What is the Hadoop ecosystem? What are the Hadoop ecosystem components?

Introduction

Nowadays, the need for a system that can handle a massive amount of data has been required. Relational Databases Management System (RDBMS) is designed to process and store a small amount of data. NoSQL databases came to solve the problem of storing and processing a high amount of data known as Big Data. In addition, the ability of RDBMS is limited to work only with the structured data type. However, NoSQL can deal with all kinds of data (structured, semi-structured, unstructured). NoSQL itself faces some difficulties in running perfectly as a system. So, Hadoop solved these issues by building one eco-system that can store, manage, and process big data. Hadoop is open-source software built to work with big data. This paper will explain the difference between SQL and NoSQL databases and give an overview of Hadoop; then, it will briefly discuss the Hadoop eco-system components as shown in Figure 1.

SQL V.S NoSQL Database

There are some main contrasts between SQL databases and NoSQL databases. These differences give a clear idea about which one of these databases is the proper one to use when an organization wants to set up a database. Based on the data type, data size, and the purpose of using the database. There are three main differences as follow:

The data type used on SQL is limited by only one data type. However, NoSQL can work with all data types. SQL databases work only with relational databases, which depend on the tables (entities) and the relationship. Relational databases work with structured data. Nevertheless, NoSQL can contain all kinds of data types (structured, semi-structured, and unstructured data).
Secondly, the way of databases scaling. SQL databases scale vertically, which means if the organization wants to expand their databases capability, they need to add more memory, CPUs, or RAM. Besides, vertical scaling is expensive and is considered one of the SQL challenges. However, the NoSQL scale Horizontally allows adding more nodes to the database easily and is not as expensive as vertical scaling.
The third difference is data size that can be stored and processed. SQL databases can work perfectly with the small data size, but when the organization has big data, the NoSQL databases will be the suitable database to be used.

Hadoop overview

Hadoop is an open-source software framework that can store and process big data effectively. It provides faster and inexpensive costs compared to traditional systems (Uzunkaya et al., 2015). In addition, Hadoop came to solve the big data that needed to be distributed into cluster hardware. Distributed databases allow the data to be spread in nodes in advance, which provides high accessibility and availability to the database. However, the nodes in Hadoop work with the shared-nothing architecture, which means the communication between nodes is little as possible. Hadoop can store and manage a massive amount of data using the Hadoop ecosystem.

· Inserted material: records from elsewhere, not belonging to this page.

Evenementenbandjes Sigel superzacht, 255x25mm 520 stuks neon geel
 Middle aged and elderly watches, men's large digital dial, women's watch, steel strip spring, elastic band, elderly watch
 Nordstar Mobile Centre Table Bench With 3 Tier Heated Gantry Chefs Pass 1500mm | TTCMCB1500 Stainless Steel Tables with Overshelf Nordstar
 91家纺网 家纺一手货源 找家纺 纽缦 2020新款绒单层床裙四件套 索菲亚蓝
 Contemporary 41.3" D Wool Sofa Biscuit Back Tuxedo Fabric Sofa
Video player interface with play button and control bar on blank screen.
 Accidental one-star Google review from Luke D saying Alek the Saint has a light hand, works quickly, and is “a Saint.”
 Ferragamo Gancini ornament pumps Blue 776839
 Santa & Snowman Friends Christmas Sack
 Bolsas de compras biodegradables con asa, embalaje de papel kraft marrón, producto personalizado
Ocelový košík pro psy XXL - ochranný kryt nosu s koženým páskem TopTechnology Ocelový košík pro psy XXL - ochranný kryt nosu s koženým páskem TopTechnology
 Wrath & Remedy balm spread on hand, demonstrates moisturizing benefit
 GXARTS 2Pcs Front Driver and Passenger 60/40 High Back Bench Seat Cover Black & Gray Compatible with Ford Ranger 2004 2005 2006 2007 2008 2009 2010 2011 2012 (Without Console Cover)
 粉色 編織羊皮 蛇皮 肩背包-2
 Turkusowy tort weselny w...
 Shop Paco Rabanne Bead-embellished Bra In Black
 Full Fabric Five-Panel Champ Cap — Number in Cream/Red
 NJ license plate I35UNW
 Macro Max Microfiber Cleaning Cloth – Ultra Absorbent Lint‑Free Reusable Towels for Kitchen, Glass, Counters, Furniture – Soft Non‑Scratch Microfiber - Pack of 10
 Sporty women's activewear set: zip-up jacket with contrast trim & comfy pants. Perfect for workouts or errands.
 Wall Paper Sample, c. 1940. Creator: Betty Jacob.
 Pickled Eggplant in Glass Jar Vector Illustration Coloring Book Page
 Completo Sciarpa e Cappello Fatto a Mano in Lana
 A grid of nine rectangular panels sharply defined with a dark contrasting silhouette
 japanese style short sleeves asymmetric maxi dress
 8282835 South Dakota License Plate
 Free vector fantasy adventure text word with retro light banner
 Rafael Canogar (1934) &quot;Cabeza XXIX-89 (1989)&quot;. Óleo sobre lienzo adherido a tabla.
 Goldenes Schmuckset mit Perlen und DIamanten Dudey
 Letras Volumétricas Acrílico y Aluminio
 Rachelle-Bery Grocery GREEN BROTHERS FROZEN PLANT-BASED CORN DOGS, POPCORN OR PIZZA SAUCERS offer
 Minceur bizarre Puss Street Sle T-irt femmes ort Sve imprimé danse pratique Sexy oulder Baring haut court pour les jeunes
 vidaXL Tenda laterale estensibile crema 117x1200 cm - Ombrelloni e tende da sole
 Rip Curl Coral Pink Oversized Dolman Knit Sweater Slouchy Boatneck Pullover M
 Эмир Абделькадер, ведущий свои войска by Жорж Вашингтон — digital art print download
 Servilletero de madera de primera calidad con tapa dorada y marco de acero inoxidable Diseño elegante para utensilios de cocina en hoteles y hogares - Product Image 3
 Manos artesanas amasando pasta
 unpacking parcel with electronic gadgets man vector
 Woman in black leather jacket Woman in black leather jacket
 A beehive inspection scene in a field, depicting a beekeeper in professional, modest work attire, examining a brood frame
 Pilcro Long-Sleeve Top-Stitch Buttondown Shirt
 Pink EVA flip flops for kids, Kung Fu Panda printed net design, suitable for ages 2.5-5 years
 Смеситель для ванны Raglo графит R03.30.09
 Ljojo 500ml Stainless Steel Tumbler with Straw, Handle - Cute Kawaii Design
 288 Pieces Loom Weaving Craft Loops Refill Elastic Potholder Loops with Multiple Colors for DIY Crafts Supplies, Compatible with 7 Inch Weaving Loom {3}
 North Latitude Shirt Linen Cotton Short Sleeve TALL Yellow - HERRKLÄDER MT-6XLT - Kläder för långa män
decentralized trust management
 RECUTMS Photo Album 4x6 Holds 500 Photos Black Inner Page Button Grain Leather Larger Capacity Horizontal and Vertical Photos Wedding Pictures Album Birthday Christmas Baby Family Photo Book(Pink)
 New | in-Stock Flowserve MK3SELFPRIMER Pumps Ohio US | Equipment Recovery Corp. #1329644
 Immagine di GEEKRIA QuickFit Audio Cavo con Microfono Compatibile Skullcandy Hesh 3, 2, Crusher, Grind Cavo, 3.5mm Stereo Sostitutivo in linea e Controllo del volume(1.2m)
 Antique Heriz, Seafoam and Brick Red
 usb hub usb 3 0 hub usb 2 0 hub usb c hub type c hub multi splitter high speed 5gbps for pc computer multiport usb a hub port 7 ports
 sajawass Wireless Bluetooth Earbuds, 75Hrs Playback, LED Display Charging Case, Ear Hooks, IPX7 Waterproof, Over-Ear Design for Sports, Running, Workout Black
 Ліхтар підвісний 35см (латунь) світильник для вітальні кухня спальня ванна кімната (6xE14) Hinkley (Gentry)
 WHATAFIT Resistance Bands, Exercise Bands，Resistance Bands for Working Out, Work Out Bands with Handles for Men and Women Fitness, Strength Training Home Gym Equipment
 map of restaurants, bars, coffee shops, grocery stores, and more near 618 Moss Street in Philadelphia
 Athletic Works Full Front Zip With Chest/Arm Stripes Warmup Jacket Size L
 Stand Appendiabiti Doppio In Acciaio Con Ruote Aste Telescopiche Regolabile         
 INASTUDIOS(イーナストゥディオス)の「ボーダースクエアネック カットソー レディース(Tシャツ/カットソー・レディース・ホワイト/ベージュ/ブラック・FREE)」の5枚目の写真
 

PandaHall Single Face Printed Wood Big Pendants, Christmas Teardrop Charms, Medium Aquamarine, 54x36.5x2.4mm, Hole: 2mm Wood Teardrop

Figure 1: Hadoop Eco-system concept chart

This Hadoop eco-system concept chart was built based on different sources. The sources are:

Hadoop Ecosystem (GeeksforGeeks, 2021b)
Hadoop Ecosystem and Their Components (Data Flair, 2019)
Introduction to the Hadoop Ecosystem for Big Data and Data Engineering (Bhandari, 2020)

All these sources help to create a clear idea about the Hadoop ecosystem architecture.

What is Hadoop Eco-system?

The Hadoop ecosystem is a system that offers different open-source services to solve big data problems. These components work together to manage and process big data through the Hadoop framework. Distributed File Systems HDFS, YARN, MapReduce, Spark, PIG, HIVE, and Hbase are examples of Hadoop ecosystem components.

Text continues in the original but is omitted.